Chrześcijanie to najczęściej prześladowana religia na świecie. Tak wynika z bilansu
za rok 2009, przedstawionego przez centralę katolickiej organizacji Kirche in Not
czyli Pomoc Kościołowi w Potrzebie. Prawie 80 proc. wszystkich przypadków prześladowań
religijnych na świecie stanowią chrześcijanie, niezależnie od wyznania. Najczęściej
za wiarę zabijani są ludzie w Iraku, Indiach, a także w Nigerii, Pakistanie i Egipcie.
Jak
stwierdził rzecznik Kirche in Not Bertholt Pelster, „wysoki procent prześladowań wynika
między innymi z faktu, że chrześcijanie to największa religia na świecie. Obecnie
mamy blisko 2 mld wyznawców Chrystusa. Dla porównania muzułmanów jest ok. 1,5 mld,
a hinduizm wyznaje blisko 1 mld ludzi. Nie dziwi więc, że najwięcej prześladowanych
jest wśród chrześcijan, co oczywiście niczego nie usprawiedliwia” – dodał Pelster.
Według
obserwacji Kirche in Not w tym roku widoczne są dwie tendencje. Po pierwsze, maleje
liczba prześladowań przez ateistów. Jak stwierdził Bertholt Pelster, „takie kraje
jak Chiny czy Kuba ze względu na kryzys gospodarczy muszą współpracować z każdą grupą
społeczną”. Z drugiej jednak strony wzrosła liczba prześladowań z powodów religijnych.

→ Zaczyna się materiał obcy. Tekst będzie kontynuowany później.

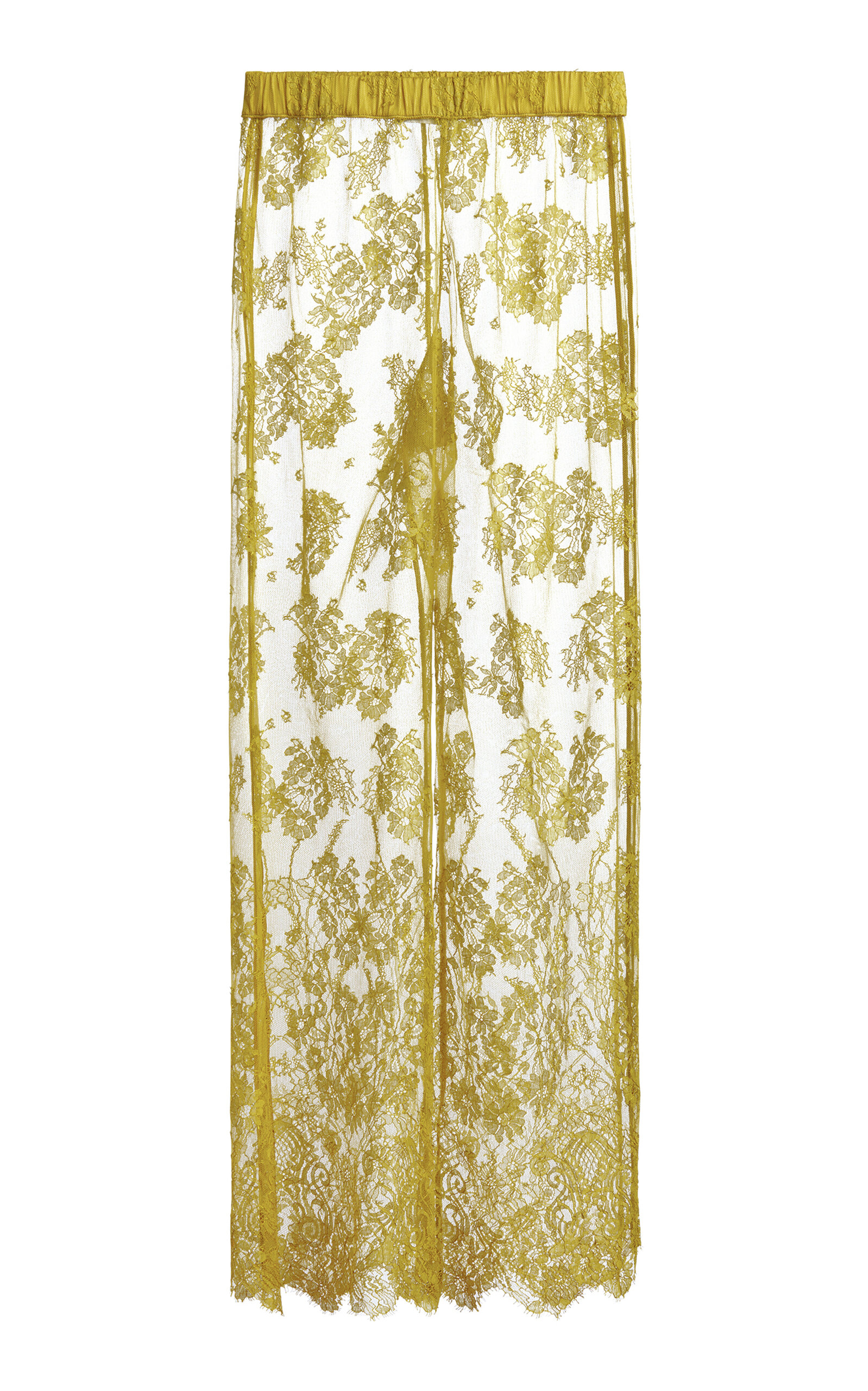 Evangelista Lingerie - Catherine Cotton-Blend Leavers Lace Pajama Pants - Olive - S - Moda Operandi
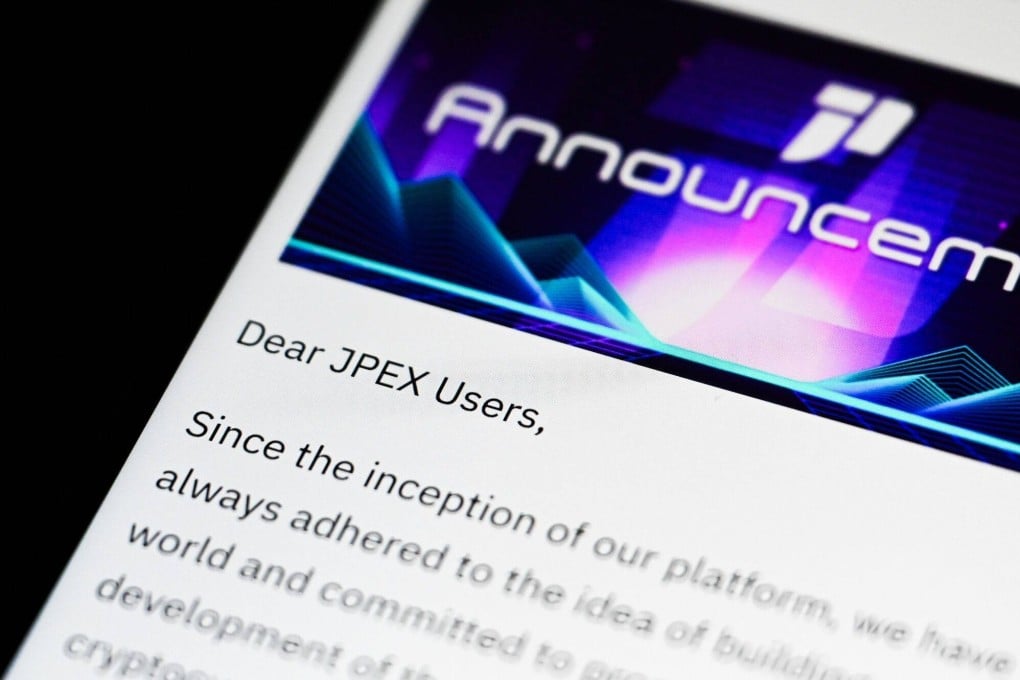A message to users on the website of cryptocurrency platform JPEX arranged in Hong Kong, September 19, 2023. Photo: Bloomberg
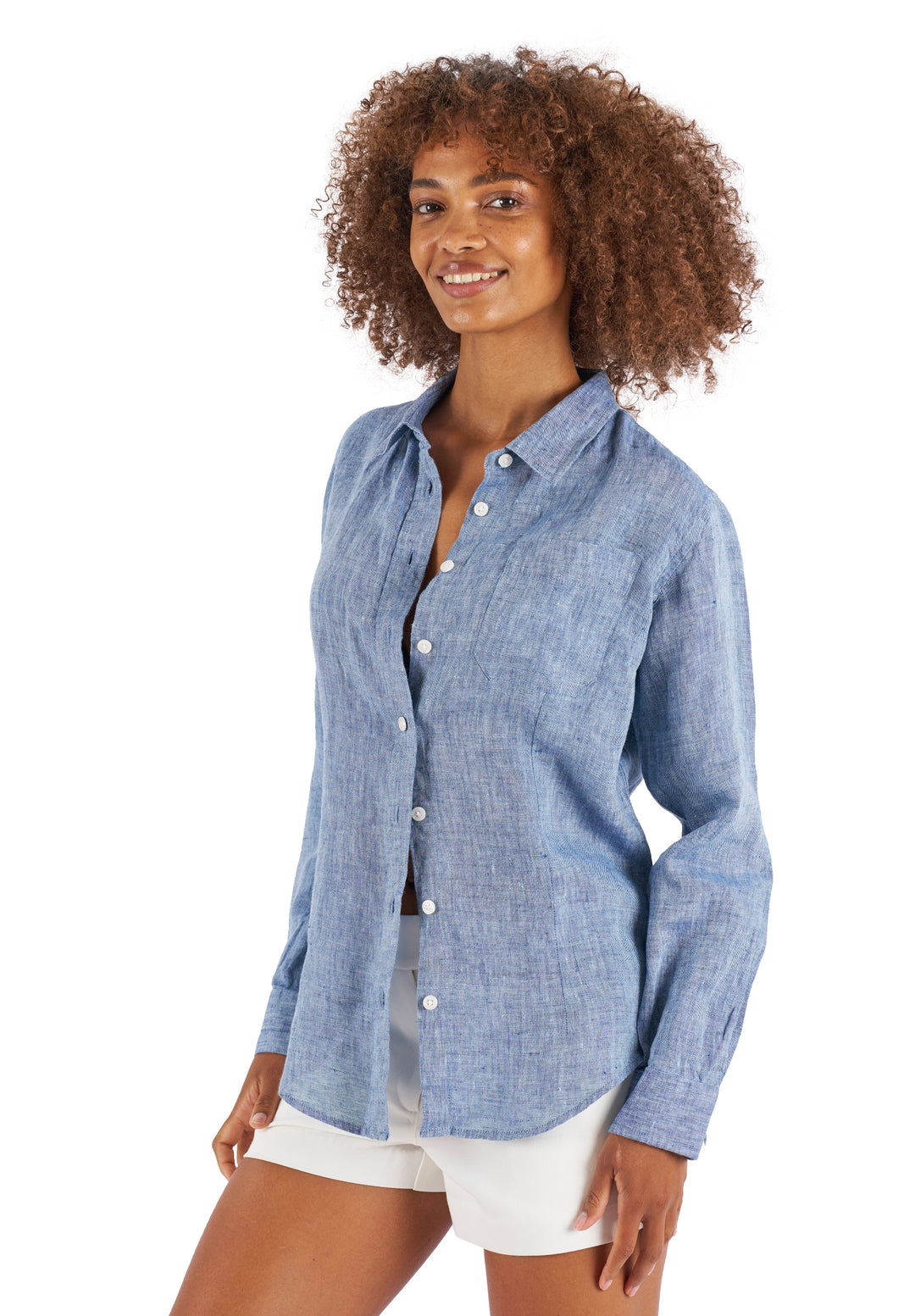 Lina Blue Melange, Slim-Fit Linen Shirt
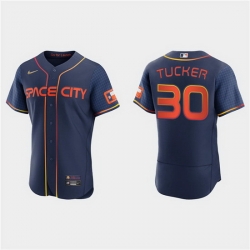 Men Houston Astros 30 Kyle Tucker 2022 Navy City Connect Flex Base Stitched Baseball jersey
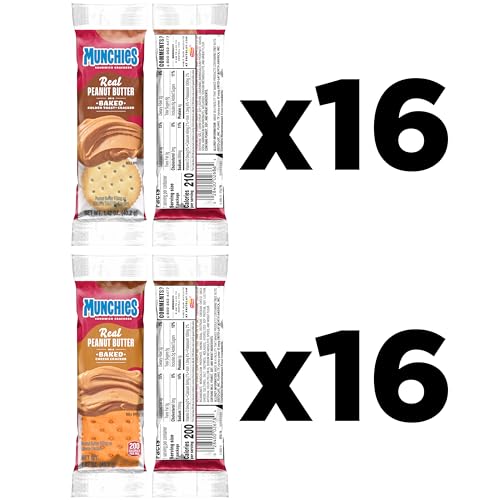 Munchies Sandwich Crackers, Assorted Peanut Butter Variety Pack (Pack of 4, 32 count)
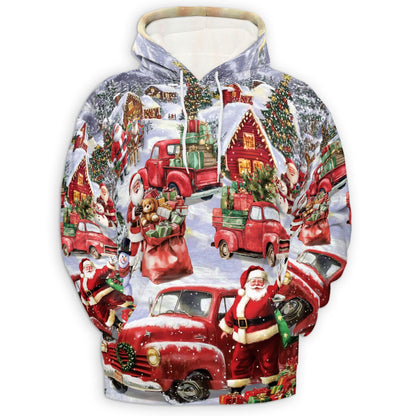Christmas Red Truck All Over Print Hoodie, Santa Claus Snow Graphic Design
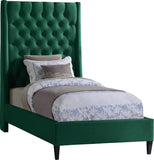 Fritz Velvet Bed - Elegant Contemporary Wingback Design with Dramatic Tufted Headboard & Nailheads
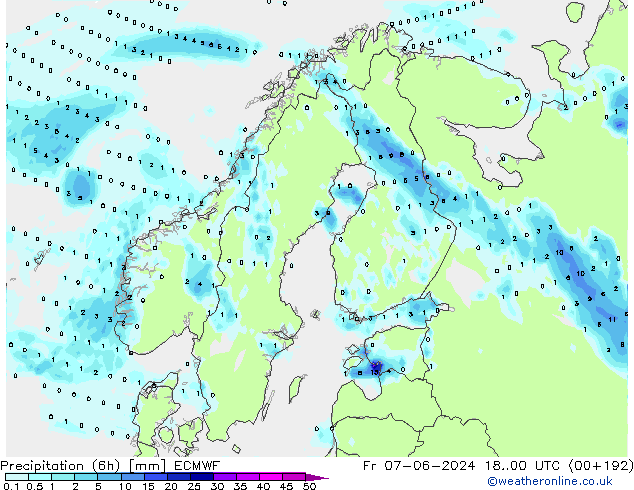 Z500/Rain (+SLP)/Z850 ECMWF vie 07.06.2024 00 UTC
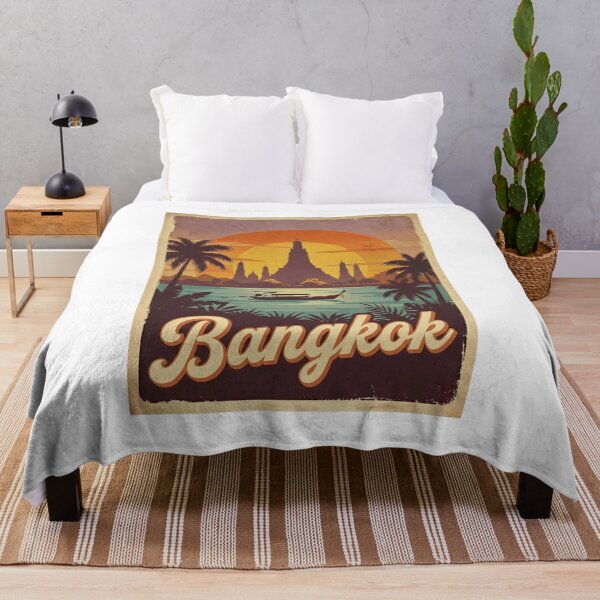 Item preview, Vintage Bangkok Sunset Wat Arun & River Boat Retro Travel Poster designed and sold by EverBranz-stor.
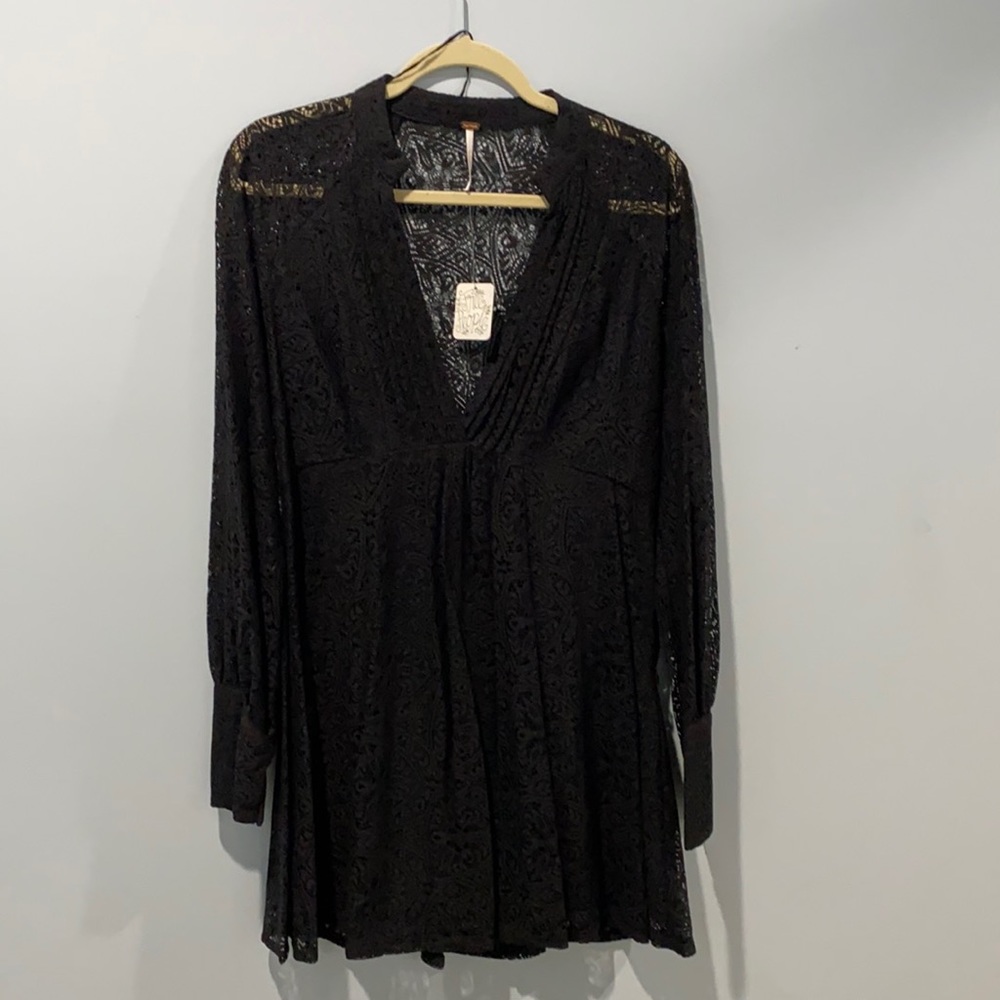 Black lace free people dress. Never worn. New with tags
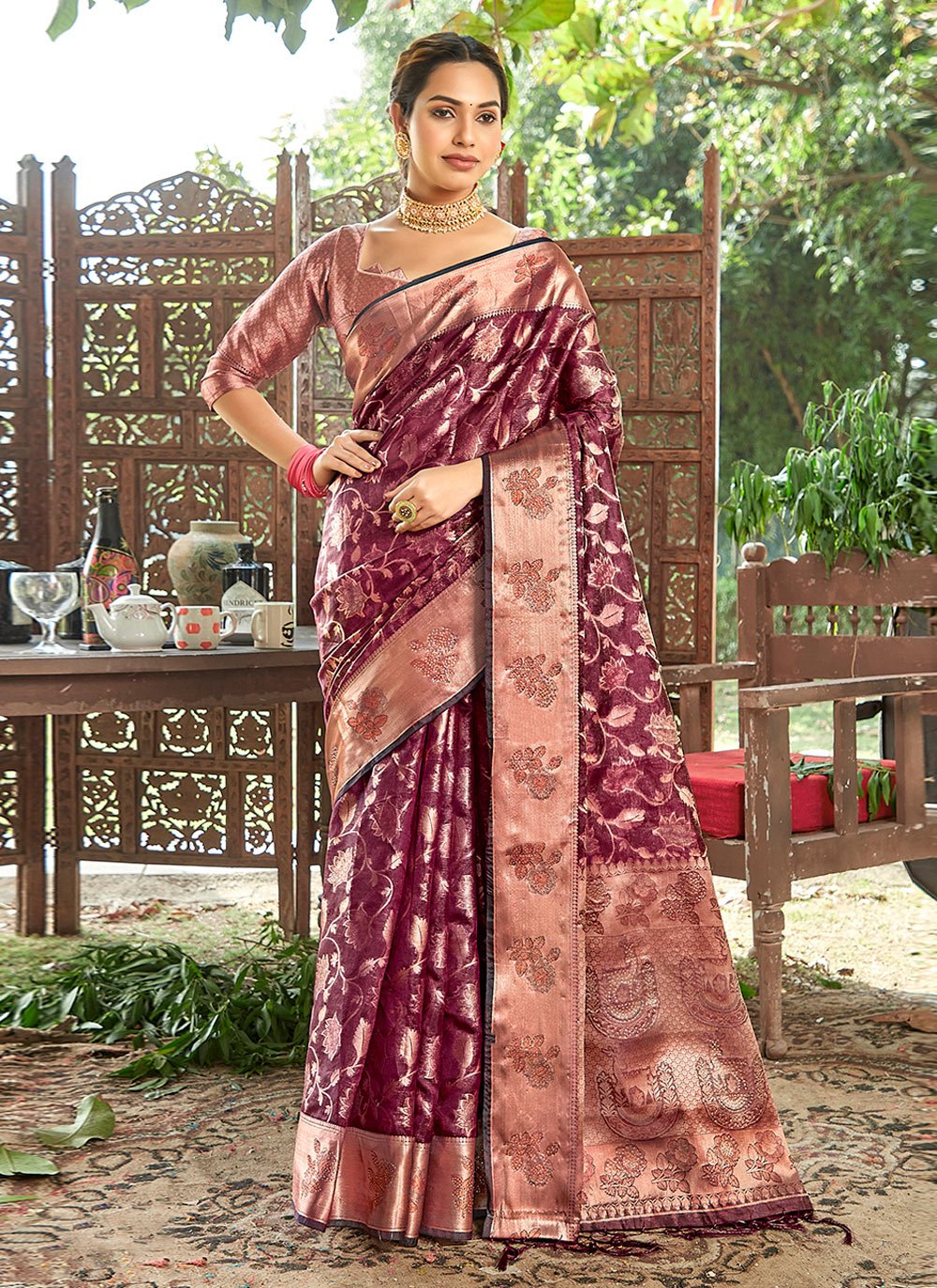 Trendy Saree Organza Wine Embroidered Saree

W takich krajach jak Pakistan, Nigeria, Arabia Saudyjska czy Egipt chrześcijanie są
zwalczani głównie przez ekstremistów, którzy dążą do ustanowienia państwa islamskiego.
Największe
problemy mają jednak chrześcijanie w Iraku. Według najnowszych danych z blisko milionowej
wspólnoty w ostatnich latach zostało tylko 250 tys. wiernych. Pelster stwierdził,
że „każdy, kto miał pieniądze, dawno z Iraku wyjechał. W tej chwili chrześcijanie
wszystkich wyznań uznawani są za sprzymierzeńców państw zachodnich. Automatycznie
stają się wrogami zarówno szyitów, jak i sunnitów.”
Na aktualne dane dotyczące
prześladowań chrześcijan zwróciła w niemieckim parlamencie frakcja chadeków, wzywając
do przestrzegania wolności religijnej.